[[ TASK INPUTS, beginning ]]

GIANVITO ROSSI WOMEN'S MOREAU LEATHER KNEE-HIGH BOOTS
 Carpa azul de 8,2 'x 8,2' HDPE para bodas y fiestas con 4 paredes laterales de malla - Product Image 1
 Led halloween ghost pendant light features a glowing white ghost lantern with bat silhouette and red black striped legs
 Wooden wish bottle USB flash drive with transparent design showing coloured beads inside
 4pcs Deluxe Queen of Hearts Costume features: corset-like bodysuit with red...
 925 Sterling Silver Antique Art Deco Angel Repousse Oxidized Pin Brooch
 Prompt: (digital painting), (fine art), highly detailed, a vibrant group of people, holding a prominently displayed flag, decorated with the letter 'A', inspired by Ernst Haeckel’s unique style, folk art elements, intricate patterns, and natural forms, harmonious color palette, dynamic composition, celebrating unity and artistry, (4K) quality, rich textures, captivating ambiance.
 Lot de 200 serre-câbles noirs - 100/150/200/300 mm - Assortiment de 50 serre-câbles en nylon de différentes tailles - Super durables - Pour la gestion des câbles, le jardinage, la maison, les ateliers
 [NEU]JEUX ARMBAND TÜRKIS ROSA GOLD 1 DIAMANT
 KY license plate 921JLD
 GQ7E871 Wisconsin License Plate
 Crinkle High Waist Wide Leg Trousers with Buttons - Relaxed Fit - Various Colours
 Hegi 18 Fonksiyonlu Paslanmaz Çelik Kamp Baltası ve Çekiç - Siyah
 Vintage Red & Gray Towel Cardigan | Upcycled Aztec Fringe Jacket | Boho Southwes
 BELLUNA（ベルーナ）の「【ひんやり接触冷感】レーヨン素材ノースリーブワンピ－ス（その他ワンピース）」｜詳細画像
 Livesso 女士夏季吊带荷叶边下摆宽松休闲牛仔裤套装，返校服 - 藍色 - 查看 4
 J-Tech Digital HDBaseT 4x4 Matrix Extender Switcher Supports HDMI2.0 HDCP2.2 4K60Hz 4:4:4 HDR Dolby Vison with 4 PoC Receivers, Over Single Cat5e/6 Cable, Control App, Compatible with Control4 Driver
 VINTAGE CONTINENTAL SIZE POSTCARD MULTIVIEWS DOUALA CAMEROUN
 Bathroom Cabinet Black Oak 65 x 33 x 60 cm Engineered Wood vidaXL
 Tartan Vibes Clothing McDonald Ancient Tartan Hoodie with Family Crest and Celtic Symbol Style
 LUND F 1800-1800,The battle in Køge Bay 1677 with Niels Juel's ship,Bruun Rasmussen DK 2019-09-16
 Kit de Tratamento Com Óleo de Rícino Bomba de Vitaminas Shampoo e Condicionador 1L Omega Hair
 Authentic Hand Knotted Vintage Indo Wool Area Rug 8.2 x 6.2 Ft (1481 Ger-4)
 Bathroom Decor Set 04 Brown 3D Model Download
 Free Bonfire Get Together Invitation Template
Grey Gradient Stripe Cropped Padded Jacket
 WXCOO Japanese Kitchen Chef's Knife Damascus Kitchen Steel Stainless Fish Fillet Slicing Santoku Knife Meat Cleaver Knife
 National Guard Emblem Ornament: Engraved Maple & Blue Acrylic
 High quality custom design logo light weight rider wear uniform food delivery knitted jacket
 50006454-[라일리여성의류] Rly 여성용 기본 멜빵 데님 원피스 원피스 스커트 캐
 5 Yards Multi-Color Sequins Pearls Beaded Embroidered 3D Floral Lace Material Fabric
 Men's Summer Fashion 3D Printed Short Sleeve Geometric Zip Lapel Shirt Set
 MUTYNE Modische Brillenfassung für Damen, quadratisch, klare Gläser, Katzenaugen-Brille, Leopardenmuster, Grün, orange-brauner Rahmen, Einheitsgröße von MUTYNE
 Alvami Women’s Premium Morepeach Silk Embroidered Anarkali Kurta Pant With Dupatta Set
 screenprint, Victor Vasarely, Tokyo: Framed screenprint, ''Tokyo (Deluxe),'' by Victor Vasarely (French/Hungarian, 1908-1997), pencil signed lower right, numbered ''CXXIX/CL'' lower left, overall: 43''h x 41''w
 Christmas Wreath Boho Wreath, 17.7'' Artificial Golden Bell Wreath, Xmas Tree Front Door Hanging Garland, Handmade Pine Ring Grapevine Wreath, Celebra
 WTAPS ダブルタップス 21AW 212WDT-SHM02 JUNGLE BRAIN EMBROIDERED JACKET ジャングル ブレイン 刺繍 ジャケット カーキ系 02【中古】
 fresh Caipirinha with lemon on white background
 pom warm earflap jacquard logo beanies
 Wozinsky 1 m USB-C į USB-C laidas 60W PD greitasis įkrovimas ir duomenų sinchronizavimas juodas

[[ TASK INPUTS, end ]]

EXERCISE PROMPT → Every line above holding the string "Bathroom" should be listed.

ANSWER FOR THIS EXERCISE →
 Bathroom Cabinet Black Oak 65 x 33 x 60 cm Engineered Wood vidaXL
 Bathroom Decor Set 04 Brown 3D Model Download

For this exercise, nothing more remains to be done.